R.G. : C’est peut-être un parti pris politique, mais il est assumé. Bien sûr qu’il faut travailler sur la réinsertion, mais il faut aussi travailler sur la sanction. À partir du moment où un débat contradictoire a eu lieu dans un cadre judiciaire, en audience publique, où il y a eu une peine de prison ferme prononcée au regard des faits, de la faute commise, de l’atteinte portée aux parties civiles, il faut que cette décision soit respectée, et non pas détricotée ensuite par un juge de l’application des peines. Sinon les victimes et le corps social ne comprennent pas. Pour respecter les magistrats, le corps social et l’ordre républicain, il faut rétablir ce principe d’exécution de la peine.
appel d'air
J.C. : C’est un principe, justement. Mais quelle est la conséquence pratique de l’application de ce principe ? Beaucoup de magistrats, par crainte, préfèrent prononcer l’incarcération, même pour de courtes durées, plutôt qu’une peine aménagée. Un directeur interrégional de l’administration pénitentiaire m’a dit : « Le système de précaution, ce n’est même plus un parapluie chez nous, c’est un parasol, tellement tout le monde se crispe et a peur que la faute arrive par lui.

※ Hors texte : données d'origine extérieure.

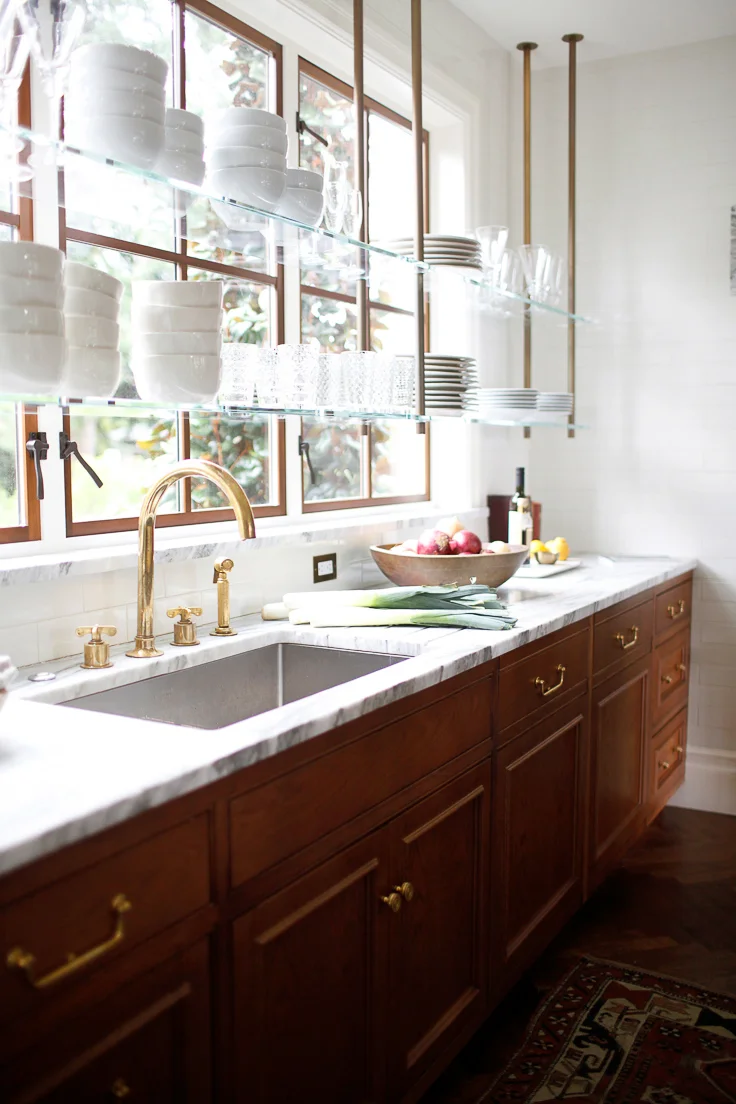 Shelving in front of windows is having a “moment” in kitchen design for 2019, such as in this beautiful kitchen by Katie Hackworth. Kitchen Trends 2019 . #kitchentrends, #luxurykitchens, #kitchendesignideas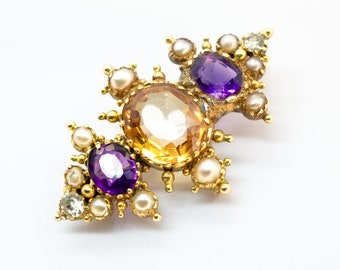 May include: A gold brooch with a large, faceted, yellow-orange gemstone surrounded by smaller pearls and two purple amethysts.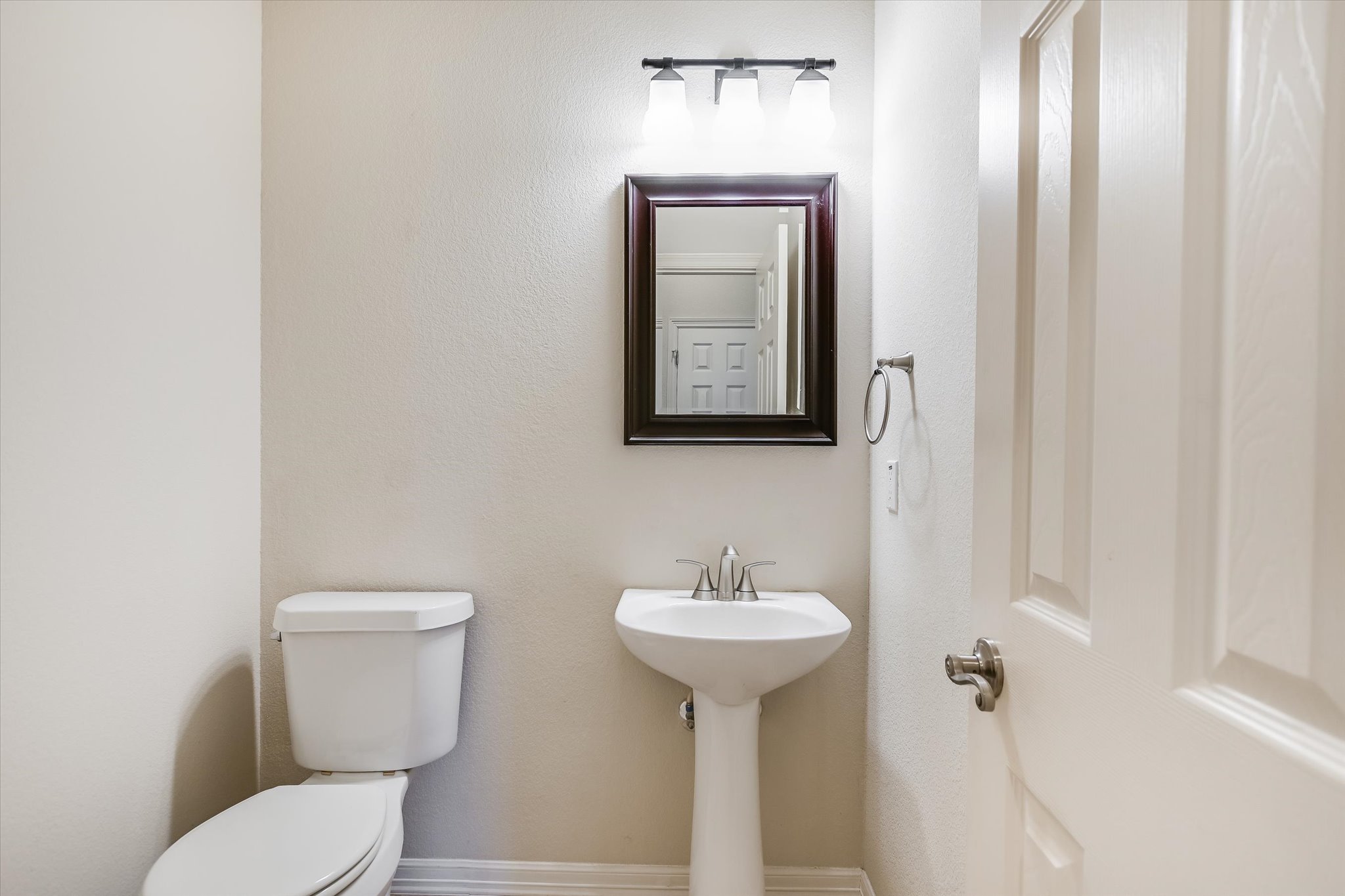 2300 Village View Loop Pflugerville, TX 78660 - Photo 15 of 25 a bathroom with a toilet sink and mirror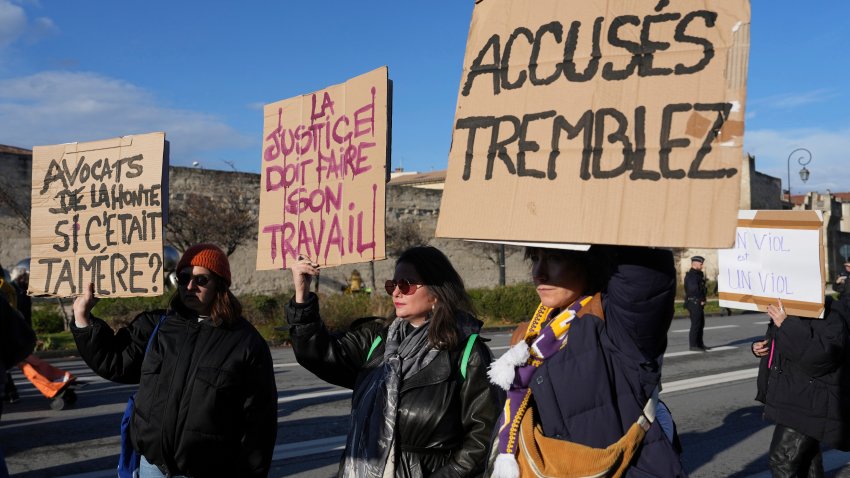 FILE - Activists hold posters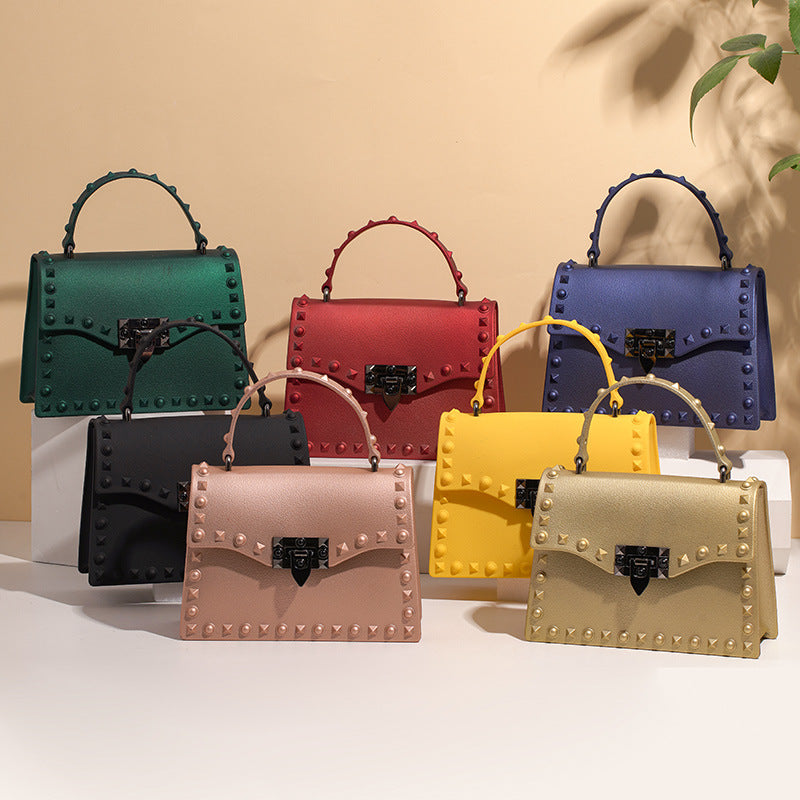 Sac à main en PVC pour femmes eprolo, sac coloré à rivets en diamant, porté à la main ou en diagonale, style moderne.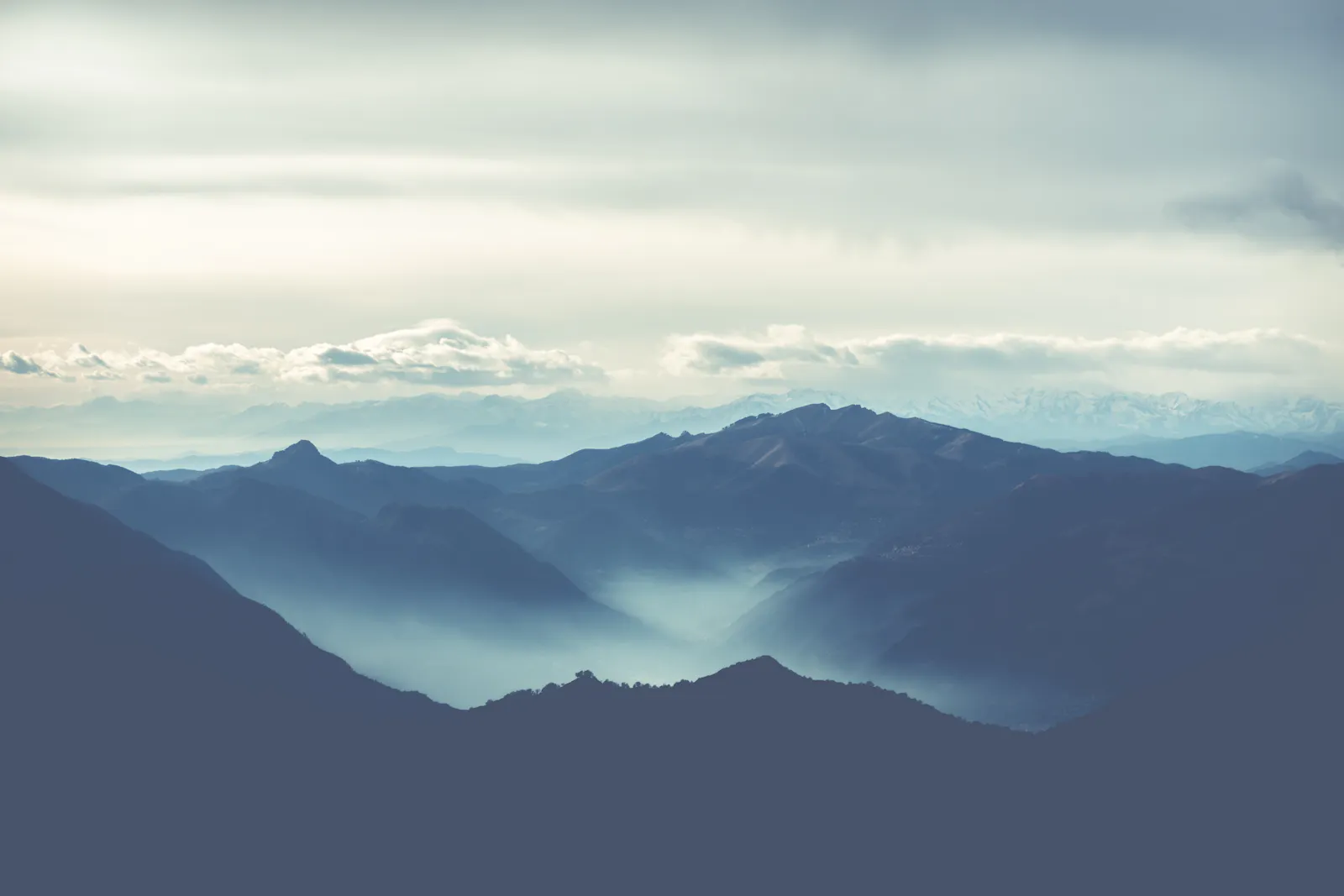 Clouds drifting through a mountain range.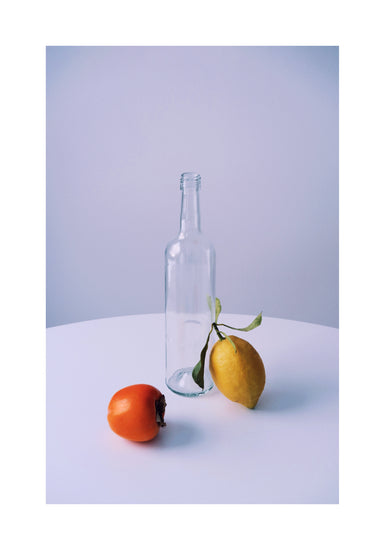 Photo of still life set up of fruits and a bottle looking like a painting.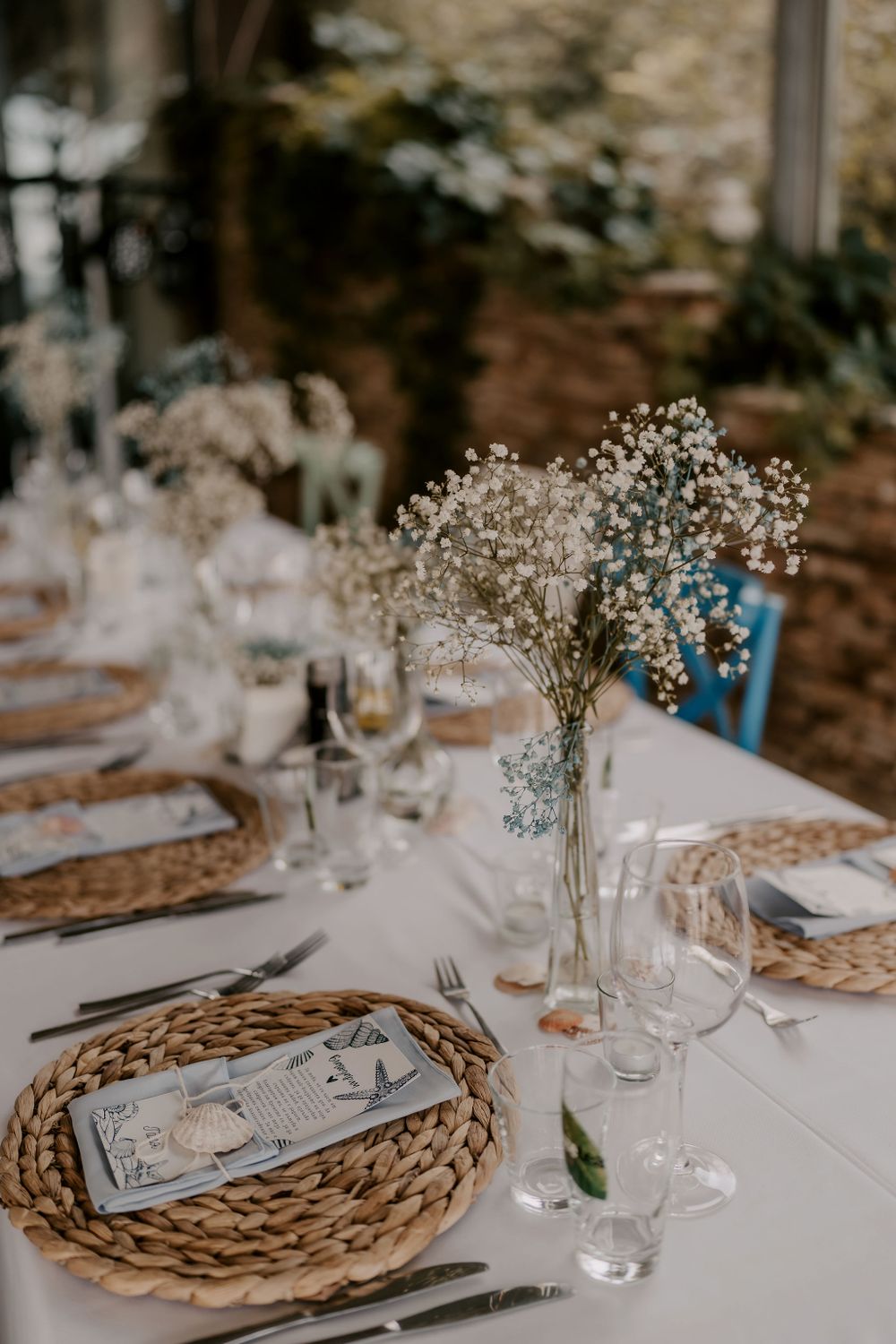 Elegant wedding table setting with baby's breath centerpieces and woven placemats on white linens.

La solution est donc de prononcer du ferme. »
Dans ce contexte, la construction de nouveaux établissements risque de créer un appel d’air. Un représentant du parquet a dit récemment à un bénévole du Secours Catholique : « L’annonce de la construction de nouvelles places, c’est la bonne aubaine pour les magistrats qui avaient encore quelques scrupules à envoyer en détention pour une courte peine. »
Si on faisait vraiment quelque chose en détention pour la réinsertion, nous serions moins critiques par rapport à l’incarcération. Mais le système pénitentiaire actuel, à cause du manque de moyens, ne favorise pas la responsabilisation, la reprise en main, tout ce qui va aller dans le sens de la “désistance”, de la volonté de se réinsérer. Comment faire en sorte que la peine soit un temps de remobilisation et redevienne utile ?
R.G. : Tout le monde est d’accord sur le fait qu’il faut préparer la sortie, qu’il faut être dans la réinsertion et que la personne condamnée à un an et demi de prison ferme devrait pouvoir aller travailler, garder des liens avec sa famille… On peut en débattre à l’Assemblée nationale, mais le problème, c’est la mise en œuvre sur le terrain, lorsque le préfet va devoir réunir les élus locaux et leur annoncer : « Ici, nous allons installer un SAS ou un centre de semi-liberté. » Vous faites alors face à des pétitions, au maire et au conseiller départemental qui montent au créneau. C’est comme pour les éoliennes, tout le monde est d’accord, mais pas chez soi.
J.C. : Il faudrait que l’opinion publique, au lieu d’identifier dans les personnes détenues des boucs émissaires, prenne conscience que c’est aussi notre responsabilité citoyenne que de faire une place dans la société à ces personnes, notamment sous forme d’aménagements de peines.
Au Secours Catholique, nous travaillons beaucoup au changement de regard. Nous essayons de bâtir une société de la confiance. À l’inverse, construire des places de prison, c’est alimenter l’idée d’une société de la méfiance.